Friday, July 27, 2012

Stevens Textplication #21: The Apostrophe to Vincentine

“…quand, sur l'or glauque de lointaines
Verdures dédiant leur vigne à des fontaines,
Ondoie une blancheur animale au repos:
Et qu'au prélude lent où naissent les pipeaux
Ce vol de cygnes, non! de naïades se sauve
Ou plonge...“ – Stephan Mallarmé, from “L'après-midi d'un faune” (The Afternoon of a Faun)

“…when, on the icy gold of distant
Green dedicating its vines to fountains,
Undulates an animal whiteness at rest:
And as slow prelude in which pipes are born
This flight of swans, no! Naiads flee
Or plunge…"



“The Apostrophe to Vincentine” from 1918 uses roman numbering as its primary motif to convey the peculiarly Stevensian take on the relationship between self and world:

I.
I figured you as nude between
Monotonous earth and dark blue sky.
It made you seem so small and lean
And nameless,
Heavenly Vincentine.

II.
I saw you then, as warm as flesh,
Brunette,
But yet not too brunette,
As warm, as clean.
Your dress was green,
Was whited green,
Green Vincentine.

III.
Then you came walking,
In a group
Of human others,
Voluble.
Yes: you came walking,
Vincentine.
Yes: you came talking.

IV.
And what I knew you felt
Came then.
Monotonous earth I saw become
Illimitable sphere of you,
And that white animal, so lean,
Turned Vincentine,
And that white animal, so lean,
Turned heavenly, heavenly Vincentine.

The stanza labeled I deposits us right into a nether region where it’s clear that this undefined and ambiguous figure of Vincentine exists somewhere between flesh (“nude”) and spirit (“heavenly”). The most literal reading of the passage would be if the speaker imagined the angel as human it would diminish her, just as a male fantasy of a female makes the actual flesh and blood female seem “small” and impersonal (“nameless”).

As if to answer that unsatisfying attempt at imagining the figure, Vincentine leaps forth in stanza II “warm as flesh,” with a distinct brunette hair and a particular “whited green” dress. “As warm as flesh” is not quite flesh however, just as a dress is a covering not quite the actual person.

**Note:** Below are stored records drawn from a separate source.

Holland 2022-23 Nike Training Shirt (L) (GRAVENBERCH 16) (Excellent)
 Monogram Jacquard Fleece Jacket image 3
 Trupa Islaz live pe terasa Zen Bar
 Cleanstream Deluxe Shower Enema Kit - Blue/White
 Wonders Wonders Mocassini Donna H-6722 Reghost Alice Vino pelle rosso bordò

One gets the sense of the sun bursting forth from the pre-dawn of stanza I to unveil the green of the earth.

In stanza III the personification becomes even more vivid, as the earth wakes up to show moving human shapes (“you came walking”) and the sound of human voices (“you came talking”). “Yes,” twice, to announce there is now an actual person, however that person is not specifically labeled as Vincentine. Also striking and perhaps related is the way this individual when finally seen is subsumed within human society. That sublimation cannot be an end for the speaker who seeks something more sublime.

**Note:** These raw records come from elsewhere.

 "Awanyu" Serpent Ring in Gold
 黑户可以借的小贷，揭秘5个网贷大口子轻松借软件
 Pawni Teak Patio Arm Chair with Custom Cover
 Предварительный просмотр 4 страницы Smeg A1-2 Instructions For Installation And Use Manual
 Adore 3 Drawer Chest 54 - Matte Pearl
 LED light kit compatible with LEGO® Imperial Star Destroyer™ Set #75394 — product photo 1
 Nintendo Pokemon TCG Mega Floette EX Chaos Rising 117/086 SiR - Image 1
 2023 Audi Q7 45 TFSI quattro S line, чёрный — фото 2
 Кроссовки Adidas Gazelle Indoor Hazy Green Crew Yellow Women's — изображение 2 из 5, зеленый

The resolution in stanza IV comes down, in my view, to the first line: “and what I knew you felt.” The speaker, as he is imagining and visualizing the presence of the figure goes inside Vincentine so to speak to assume an internal as well as external knowledge, and with that everything becomes Vincentine. Not only does the “white animal” (a poetic description of a human, the “you” in the prior stanza?) become (“turned”) heavenly, but there is no separation – the flesh (“animal”) has become spirit (“illimitable”).

These stanzas taken as a progression show the operation of imagination, from a vague and insufficient view to a transcendence, much like the Old Testament God transforming a world void of form into a paradise on earth.

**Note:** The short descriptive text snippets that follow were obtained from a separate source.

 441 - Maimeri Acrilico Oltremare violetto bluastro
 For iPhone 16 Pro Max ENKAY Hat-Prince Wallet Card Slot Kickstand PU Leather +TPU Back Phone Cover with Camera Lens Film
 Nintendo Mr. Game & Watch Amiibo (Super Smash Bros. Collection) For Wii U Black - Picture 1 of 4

The poet has no identity, according to Keats, he/she automatically becomes the beings and things around, but (unvoiced by Keats) there is a poet’s identity in this, a separation, of wanting for it to be more, more complete, more intense, more connected. It is this urge that for Stevens (expanding on Keats) drives the imagination. The wonder of it is that the Earth (at least for this poem) responds enough for the imagination to hold onto its primacy.

Rooting for a sports team is exciting until your team loses; falling in love is stupendous until you can’t agree on what to do together. Then the earth becomes “monotonous” and imagination takes over to create a more desired outcome, thus turning what would end in human bitterness into something transforming, revealing of something larger, a gateway to the unutterable. In the loneliness of imagination is found a prophecy.